ALBANY — You might think it’s a part of a chain, but it’s not. Napoli Don is polished in concept, service and design, but that’s due to hard work and good preparation, not because it’s part of some carefully cultivated corporate plan. Good for them.
The locally owned restaurant that occupies the space in the Howard Johnson hotel on Central Avenue is bright and fresh-looking, with a wall of high windows across the front dressed with diaphanous sheers in contrast to heavy wood trim.
Napoli Don
WHERE: 1614 Central Ave., Albany, 389-6390, www.napolidon.com
WHEN: 4 p.m. to 10 p.m. Monday to Thursday, 4 p.m. to 11 p.m. Friday, 12 p.m. to 11 p.m. Saturday, 12 p.m. to 9 p.m. Sunday
HOW MUCH: $77 for food, before tax and tip
MORE INFO: Children’s menu. Credit cards: Master Card, Visa, American Express, Discover. Wheelchair accessible. Parking lot.
The dining room is bisected by a set of stairs, one side with a view of Central Avenue, the other separated from the kitchen by an illuminated low wall topped with candelabra that let you know that they don’t take themselves too seriously. There’s ample room between tables and the sturdy wood chairs are padded to keep you comfortable throughout your meal. I liked the wood floors, handsome coffered ceiling and white tablecloths under glass.

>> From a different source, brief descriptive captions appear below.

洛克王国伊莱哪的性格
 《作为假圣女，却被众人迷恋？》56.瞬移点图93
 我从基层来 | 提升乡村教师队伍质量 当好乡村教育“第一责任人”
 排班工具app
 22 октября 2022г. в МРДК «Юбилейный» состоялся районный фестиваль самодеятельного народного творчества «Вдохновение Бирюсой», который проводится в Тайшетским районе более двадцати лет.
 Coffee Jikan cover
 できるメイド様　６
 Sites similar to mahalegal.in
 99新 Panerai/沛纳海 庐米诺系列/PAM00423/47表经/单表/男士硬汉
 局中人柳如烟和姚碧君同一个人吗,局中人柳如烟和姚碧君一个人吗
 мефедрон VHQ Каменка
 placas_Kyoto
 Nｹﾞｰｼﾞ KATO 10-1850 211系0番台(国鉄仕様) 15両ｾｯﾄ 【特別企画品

Virginia and I were shown a table by the window while Frank Sinatra sang. Our server was ready to help us the minute we sat down and attended us effortlessly throughout the meal. “We trained for a month,” she told us, evidence of good planning.
Napoli Don touts its casual Italian food and wood-fired pizza. I have to disagree with them about casual; it’s anything but, and though it may be casually prepared, it’s sophisticated and their well-thought out dishes are expertly executed.
Comprehensive choices
The menu is comprehensive without spreading the kitchen too thin. Five classic preparations of chicken and three of veal traverse the map of Italy: Caprese, Sorrento, Parma. Pasta dishes range in price from $16 for wood-fired cheese ravioli or pasta with meatballs or sausage, to $30 for seafood pescatore, made with a whole lobster tail, among other fruits of the sea.
For those who like steak, they have a 14-ounce Angus strip and an 8-ounce filet prepared several ways ($24 to $30, including potato and vegetable or pasta). Wood-fired pizzas ($10 to $17) are thin-crust and cooked directly on the floor of the oven.
We started with the beautiful Napoli plate ($12), slices of hard cheese, a variety of olives and roasted red peppers served with cheesy thin slices of the same wonderful freshly baked ciabatta served with seasoned olive oil served before the meal.
Virginia, my Italian food expert from Utica, approved of the bowl of pasta e fagioli ($6), a mildly spicy tomato broth with pieces of tomato and onion, white beans and ditalini pasta.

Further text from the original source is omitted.